Не вижу смысла усложнять жизнь. 
После поиска и апробирования многих вариантов, для меня оказался наиболее приемлемым следующий вариант:
Скачал в плеймаркете за денежку стробоскопический тюнер 








Peterson iStroboSoft Tuner - Apps on Google Play


iStroboSoft strobe tuner for any musical instrument.




play.google.com




Ооочень доволен! 
Точный - до десятых долей цента.
Широкий рабочий диапазон - ловит и большую и 4 октаву. 
От телефона наверное, тоже что-то зависит, ведь тюнер использует его микрофон. У меня обычный Ксяоми. Результат устраивает на все сто.


----------



## vev (2 Дек 2020)

Игорь Гребёнкин,

0.1 цента говорите....






Цент (музыка) — Википедия







ru.wikipedia.org





Здесь математическое понятие цента.


Иными словами 440 и 441 Гц (это даже на большая октава...) имеют разницы примерно 4 цента. Из этого следует, что 0.1 цент равен 0.025 Гц (одно биение в 40 секунд ).
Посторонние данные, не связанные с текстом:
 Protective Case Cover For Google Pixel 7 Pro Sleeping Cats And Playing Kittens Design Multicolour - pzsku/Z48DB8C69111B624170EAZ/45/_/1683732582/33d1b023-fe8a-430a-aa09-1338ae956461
Простите, коллега, но из физики следует, что определение частоты с такой точностью, особливо помня о зависимости частоты колебаний язычка от потока воздуха, достаточно нетривиальная задача. Уж очень времена выборки сигнала должны быть нехилыми....


----------



## wlastas (2 Дек 2020)

Ну тут тоже показывает доли цента(причем интерактивно и наглядно), а диапазон собственно ограничивается только качеством микрофона, который, к слову, на телефоне конечно же[полное говно] не идет ни в какое сравнение со стационарным конденсаторным, который ловит по 20+ гармоник без напряга.


----------



## wlastas (2 Дек 2020)

для настройки, кстати, самое важное не тюнер, а равномерность подачи воздуха в дувачку, которую можно легко организовать пылесосом. Но тут надо бороться с завыванием его турбины, которая не способствует процессам настройки )
Я вот поставил свой подальше на балкон и подаю воздух через резиновый поливочный шланг, который продет в дыру в балконной двери.


----------



## vev (2 Дек 2020)

wlastas, 
Вы путаете два понятия: показывать и определять...


----------



## Игорь Гребёнкин (2 Дек 2020)

wlastas написал(а):


> для настройки, кстати, самое важное не тюнер, а равномерность подачи воздуха в дувачку, которую можно легко организовать пылесосом. Но тут надо бороться с завыванием его турбины, которая не способствует процессам настройки )
> Я вот поставил свой подальше на балкон и подаю воздух через резиновый поливочный шланг, который продет в дыру в балконной двери.


Мой педагог, пользуясь пылесосом для настройки подавал на него ток через реостат. С его помощью он регулировал обороты двигателя и, как следствие, силу подачи воздуха. Говорил, что пылесос на низких оборотах давал достаточный поток воздуха, при этом был практически бесшумен. 
Пользуйтесь наздоровье))


----------



## Игорь Гребёнкин (2 Дек 2020)

vev написал(а):


> Игорь Гребёнкин,
> 
> 0.1 цента говорите....
> 
> ...


Я отталкиваюсь от практики использования конкретного тюнера.
Возможно, дело в стробоскопной технологии, применённой в нем, я, сознаюсь честно, не очень силен в таких вопросах. Выбрал его именно из-за хороших отзывов.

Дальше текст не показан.